Note that in many cases, sorting based on Ordering
can be faster than SortBy
, because it allows us to leverage vectorization. In this particular case, the speed-up is not that huge:
In[50]:= test = RandomInteger[10,{5000000,5}];
In[54]:= (res1=SortBy[test,{Total}]);//Timing
(res2 = test[[Ordering[Total[test,{2}]]]]);//Timing
res1===res2
Out[54]= {1.422,Null}
Out[55]= {1.125,Null}
Out[56]= True
But, this is because Total
is a built-in function. The whole reason why SortBy
was introduced, is efficiency (that is, for a single comparison function. For several comparison functions as tie-breakers, also convenience).
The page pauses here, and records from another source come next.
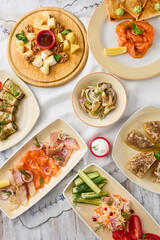 Russian Culinary Delight Vibrant Snack Table with Rustic Charm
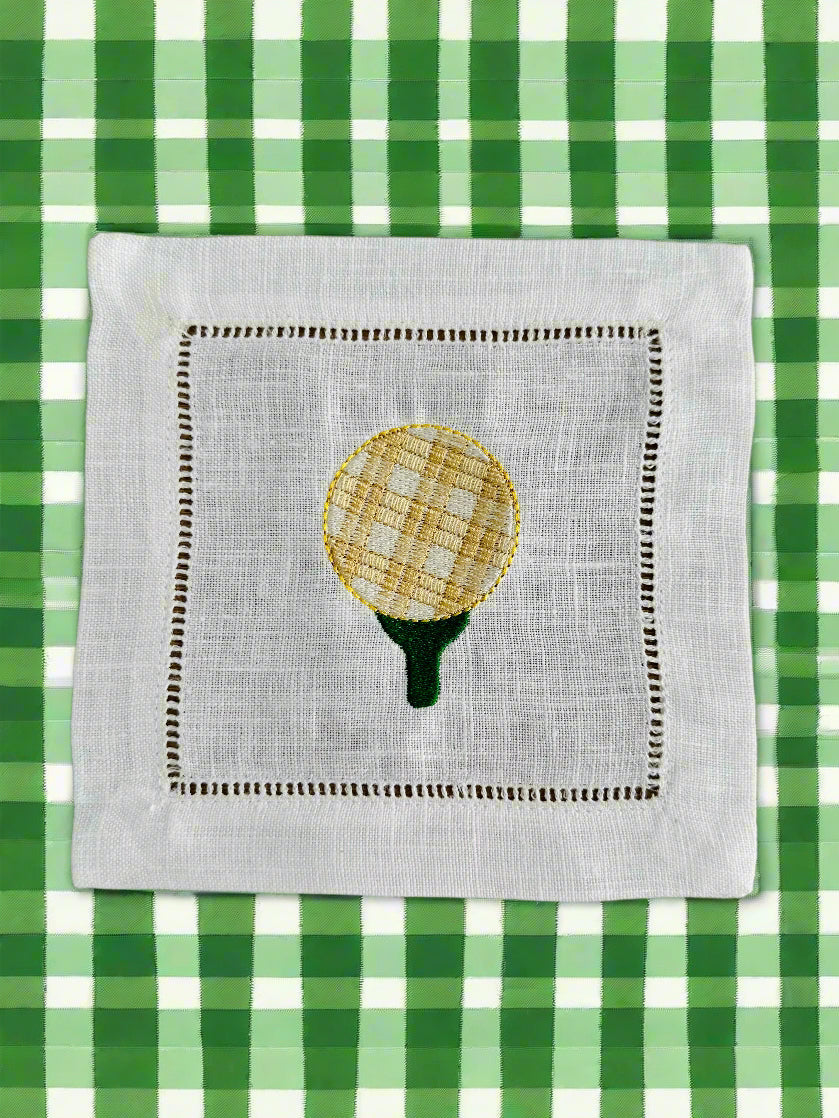 Golf Ball Embroidered Cocktail Napkin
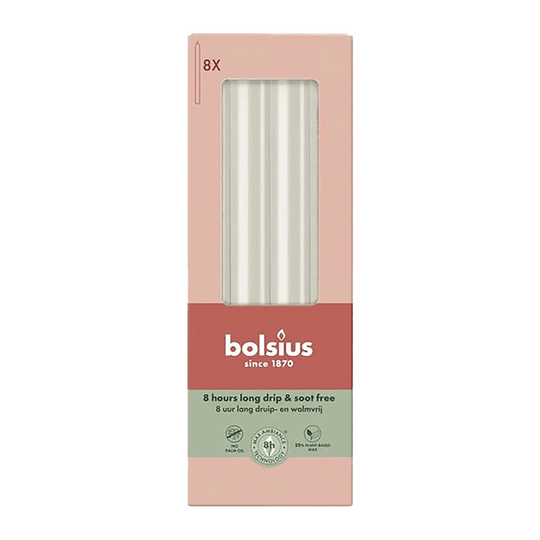 Stabkerzen, Wolkiges Weiß, BOLSIUS Essentials, 20/230 mm, Brenndauer ca. 8h, 8 Stück pro Verpackung, Torpedokerzen, Dinnerkerzen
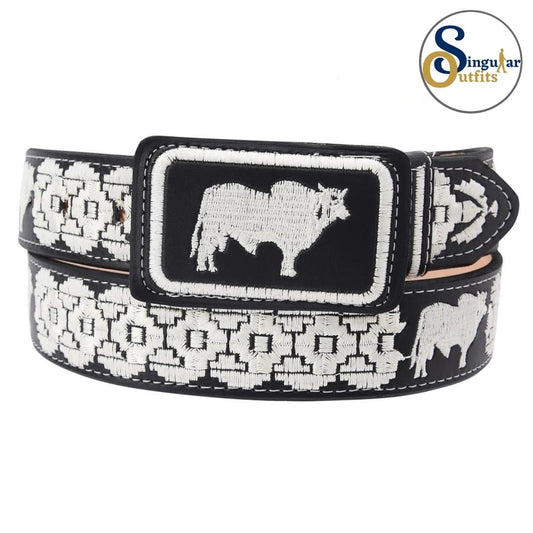 Cinto charro bordado de piel para hombre SO-TM13131 embroidered charro leather belt for men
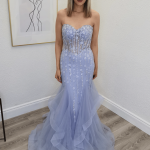 hugo blue mermaid gown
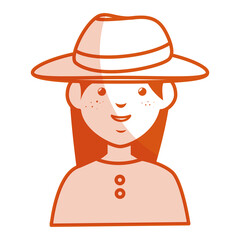beautiful and young woman with tourist hat character vector illustration design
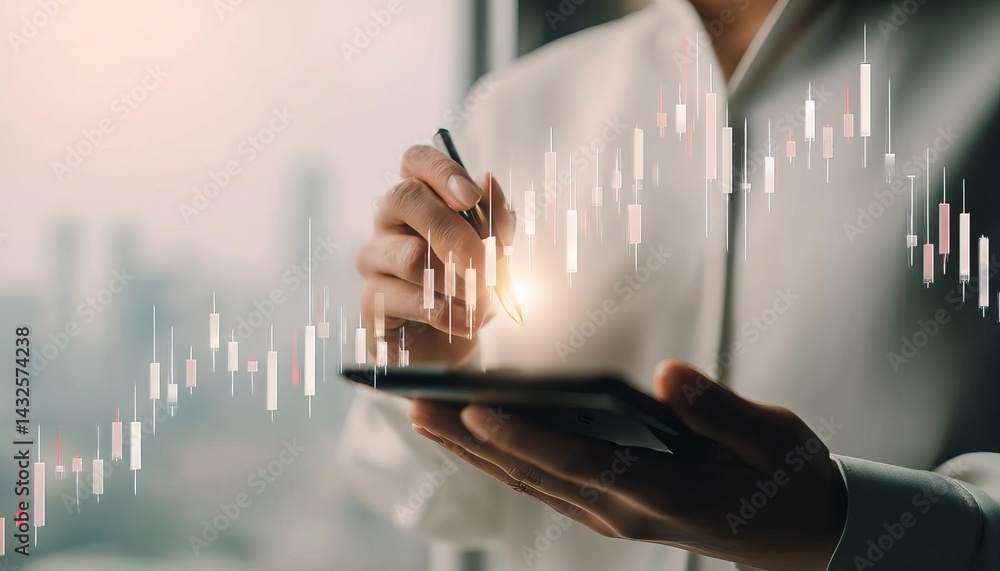 Aufkleber a business professional analyzing financial data on a smartphone with graphs.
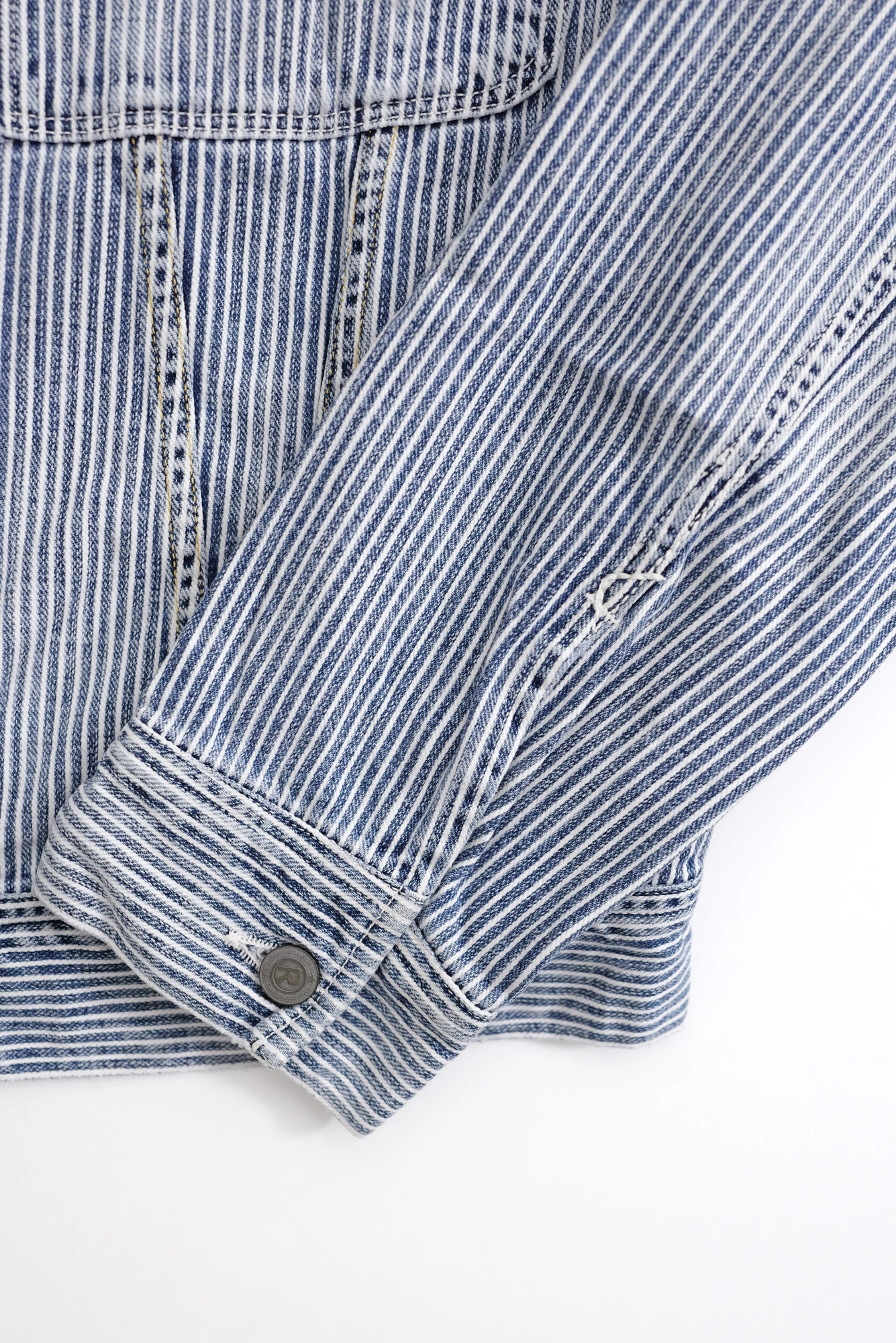 45RPM Veste denim hickory Marine vintage, passéist — photo 4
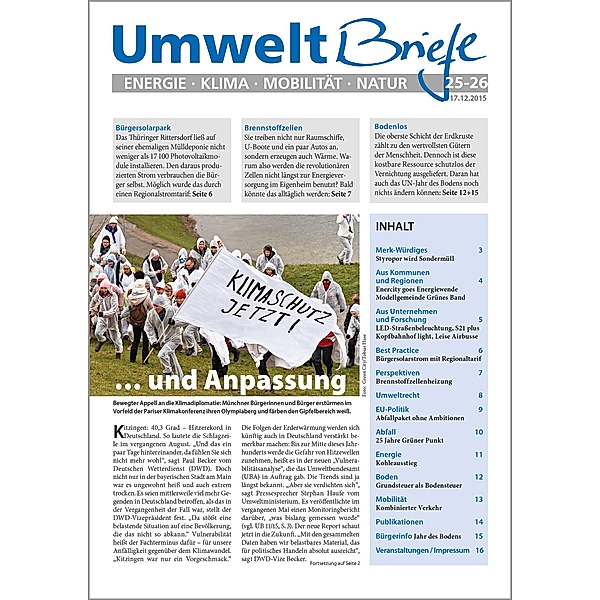 Zeitschrift UmweltBriefe Heft 25-26/2015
It is more efficient that Sort
, because it is more specific, and therefore by-passes more steps in the main evaluation sequence. However, there is no way for SortBy
to leverage the possible listability (vectorized nature) of the function on which the sorting is based - it is applied to list elements one-by-one. The solution with ordering does explicitly leverage the possibility of whole-sale computation of the sorting function (in this case, Total[#,{2}]&
does this), and therefore is faster.
If, for example, the task would be to sort according to a total of the second, third and fourth element in each sublist, we'd see a larger performance difference:
In[60]:= (res3=SortBy[test,{Total[#[[2;;4]]]&}]);//Timing
(res4=test[[Ordering[Total[test[[All,2;;4]],{2}]]]]);//Timing
res3==res4
Out[60]= {2.39,Null}
Out[61]= {1.11,Null}
Out[62]= True
Generally, the performance boost will be the largest for sorting functions which are both computationally intensive and vectorized, and such that they are much faster when applied to the whole list. Note, however, that the performance boost for sorting will never be as large as for the sorting function itself, for large lists. This is because of the intrinsic complexity of sorting, which is proportional to n*Log[n]
for large lists of length n
, and this complexity will always be there.